The collision will occur 196.9 m inside the tunnel.
Explanation:
The equation for the position of an object moving in a straight line is the following:
x = x0 + v0 · t + 1/2 · a · t²
Where
x = position at time t
x0 = initial position
t = time
v0 = initial velocity
a = acceleration
If the object moves with constant speed, then a = 0 and x = x0 + v · t
If there is a collision, there will be a time "t" at which the position of Sue and the van is the same.

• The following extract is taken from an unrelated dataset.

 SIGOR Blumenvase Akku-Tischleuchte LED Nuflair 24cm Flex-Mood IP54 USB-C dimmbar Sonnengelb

Let´s place the center of the frame of reference at the position of Sue when she sees the van and applies the brakes.
x Sue = x van
x0 + v0 · t + 1/2 · a · t² = x0 + v · t (x0 Sue = 0, x0 van = 160 m)
33 m/s · t - 1/2 · 1.50 m/s² · t² = 160m + 5.20 m/s · t
33 m/s · t - 0.75 m/s² · t² = 160m + 5.20 m/s · t
- 0.75 m/s² · t² + 27.8 m/s · t -160 m = 0
t = 7.12 s ( the other value is t = 29.9, we take the lower one because the collision will occur only once).
The collision will occur 7.12 s from the moment Sue sees the van.
The distance traveled during that time will be:
x = x0 + v0 · t + 1/2 · a · t²
x = 33 m/s · 7.12 s - 1/2 · 1.50 m/s² · (7.12 s)²
x = 196.9 m
The collision will occur 196.9 m inside the tunnel.